Data provided:
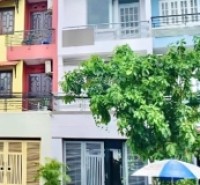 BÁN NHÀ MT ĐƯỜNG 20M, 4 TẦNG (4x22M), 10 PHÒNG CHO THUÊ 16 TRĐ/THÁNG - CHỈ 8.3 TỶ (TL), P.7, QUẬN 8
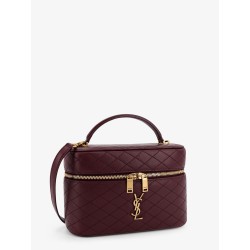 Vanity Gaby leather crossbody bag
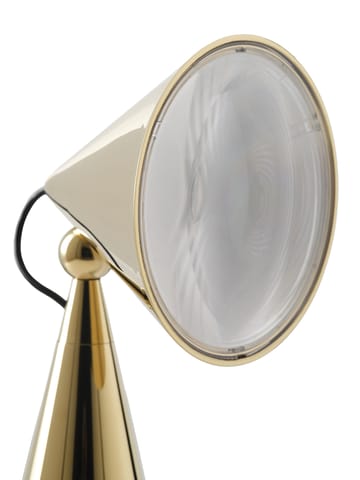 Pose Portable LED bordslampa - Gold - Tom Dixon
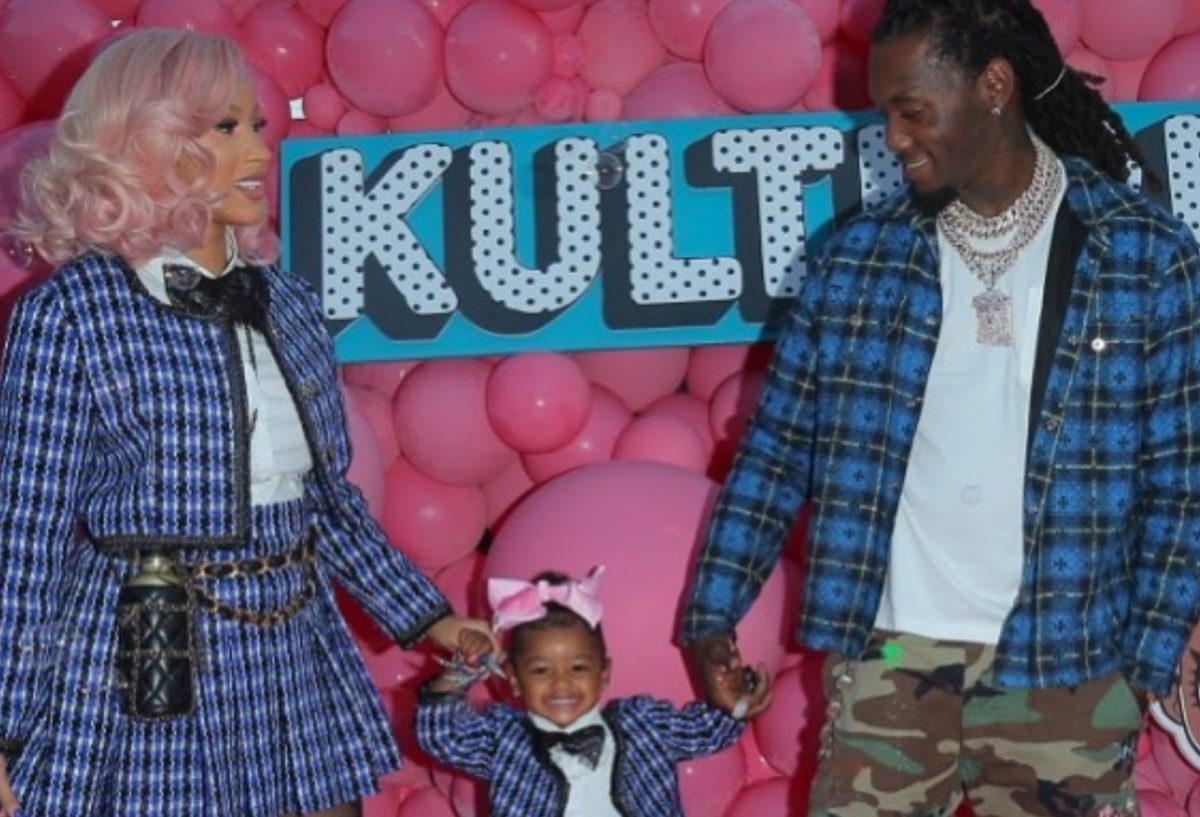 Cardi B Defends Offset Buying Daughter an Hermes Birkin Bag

---

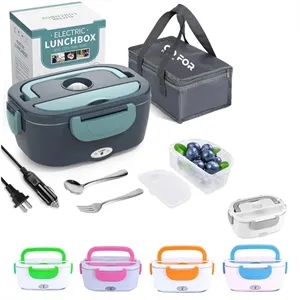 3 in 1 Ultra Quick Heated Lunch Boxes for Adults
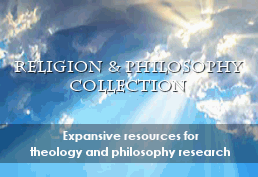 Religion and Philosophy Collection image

...

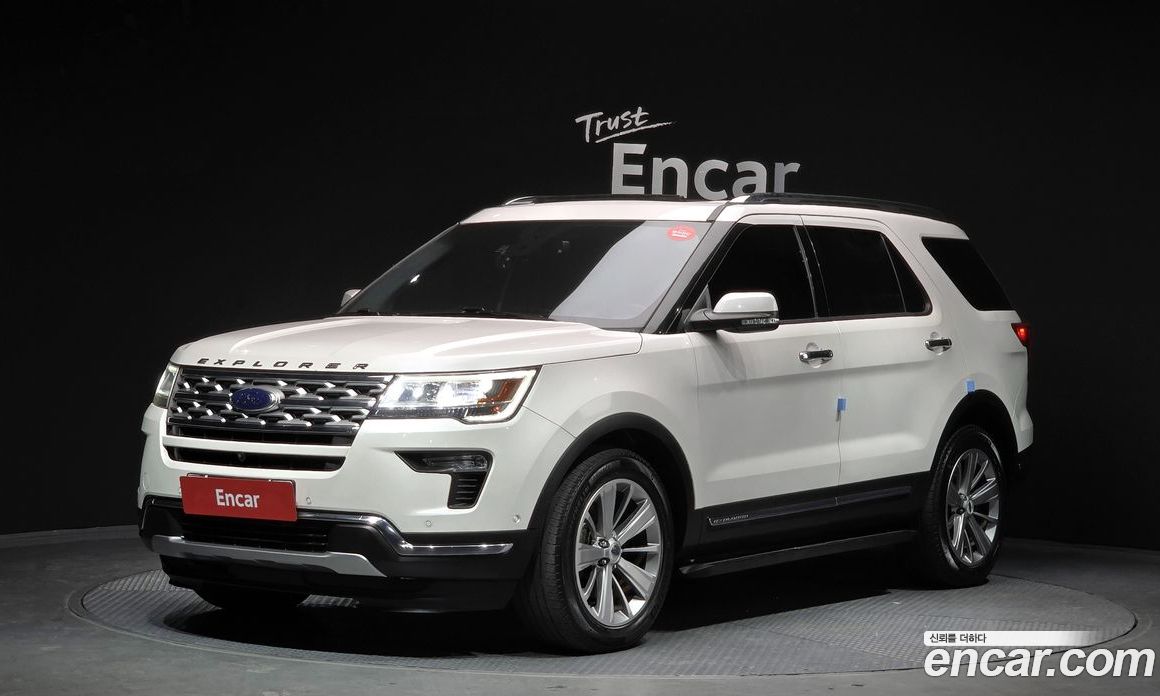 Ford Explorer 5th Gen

Instructions for the task: All that should appear in the answer is the lines above from the line with "Pose Portable LED" through the line with "Cardi B Defends", retyped exactly, pictures left out.

Written reply:
 Pose Portable LED bordslampa - Gold - Tom Dixon
 Cardi B Defends Offset Buying Daughter an Hermes Birkin Bag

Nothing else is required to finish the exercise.